Ersoy, depremin ardından enkazdan kurtarma çalışmaları sırasında ve enkazda uzun süre kalmaktan kaynaklanan uzuv ve yeti kayıplarının ardından pek çok yurttaşın engelli hale geldiğini dile getirmiştir. Ersoy, depremin ardından engelli olan yurttaşların akıbetinin ve tedavilerinin takip edilmesinin, özellikle fiziksel ve psikolojik desteğin incelikle yürütülmesinin, yurttaşlarımızın bundan sonraki hayatlarını devam ettirebilmeleri açısından ciddi önem taşıdığını belirtmiştir. Ersoy, Aile ve Sosyal Hizmetler Bakanlığının depremin ardından engelli kalan yurttaşların verilerini açıklaması ve yurttaşların ihtiyaçlarının karşılanması için planlama yapması gerektiğini ifade etmiştir.

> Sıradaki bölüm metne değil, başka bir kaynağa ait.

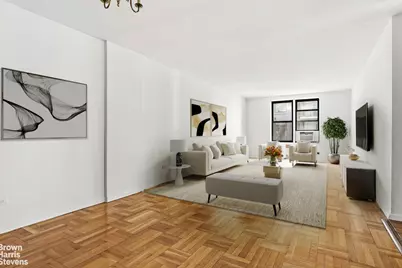 330 E 80th Street #2A, New York City, NY 10075 - Photo 1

Depremlerin bölgedeki engelli-engelsiz tüm bireyler üzerinde ciddi fiziksel, psikolojik ve ekonomik travmalar yarattığını belirten Ersoy, özel gereksinimi olan yurttaşların ihtiyaçlarının belirlenmesinin ve bu tip afet durumlarında planlama yapılması gerektiğinin altını çizmiştir. TBMM, belediyeler, sivil toplum örgütleri, meslek örgütleri ile birlikte hizmet-yardım, yeniden yapılanma, kentsel planlama ve koordinasyon süreçlerinde özel gereksinimler dikkate alınması için birlikte çalışma yürütmelidir. Ersoy, engellilerin toplumda ayrımcılığa maruz kalmadan, kendi başlarına yaşayabilmelerinin sağlanacağı bir politika oluşturulmasının şart olduğunu belirtmiştir. Ersoy, eşit yurttaşlık hakkının da bir gereği olarak engellilerin güvenliği, eğitimi, beslenmesi, erişilebilirliği ve yaşam standartlarının yükseltilmesi için politikalar oluşturulması gerektiğini dile getirmiştir.